Paper
Event
CAI Seminar Series

Visual Discovery for Science

Abstract:
From social media to satellite images, we are capturing visual data at an unprecedented scale. These images tell a story about our planet. With advances in automatic recognition, we can build a collective understanding of world-scale events as recorded through visual media.

To achieve these goals in different domains, we need label-efficient vision and multimodal foundation models that are interpretable and trustworthy. In this talk, we will first look at an annotation-efficient method for building a multimodal vision-language model in the scientific domain of remote sensing, where language annotations are sparse. Then, I will present my recent research on building interpretable models for scientific discovery using such black-box vision-language models. Finally, we will discuss open challenges in this area through datasets proposed in my work, aimed at enabling and evaluating scientific discovery.

Bio:
Dr.
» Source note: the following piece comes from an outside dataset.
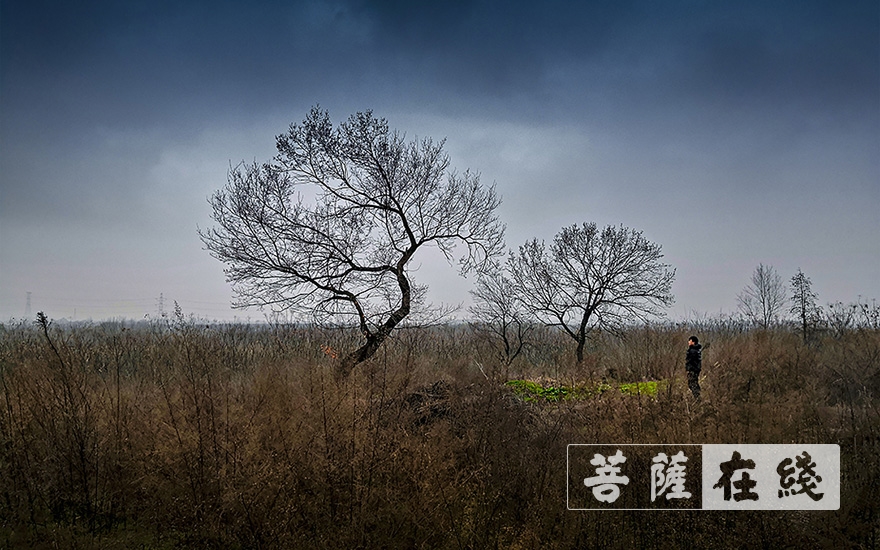 动物-智文法师：庚子之殇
Utkarsh Mall is an Assistant Professor of Computer Vision at the Mohamed bin Zayed University of Artificial Intelligence (MBZUAI) in Abu Dhabi, UAE. His research focuses on building interpretable, reliable, and data-efficient methods for making novel scientific discoveries from visual data.

He has applied his research in fields such as agriculture, anthropology, archaeology, urban planning, public health, and climate science. Prior to joining MBZUAI, he was a postdoctoral researcher at Columbia University. He completed his PhD at Cornell University, where he worked on label-efficient foundation models for scientific domains and their use in unsupervised scientific discoveries.

He also co-organizes the CVPR workshop Computer Vision for Science (CV4Science). His doctoral research was selected for the WACV 2022 and CVPR 2023 Doctoral Consortium.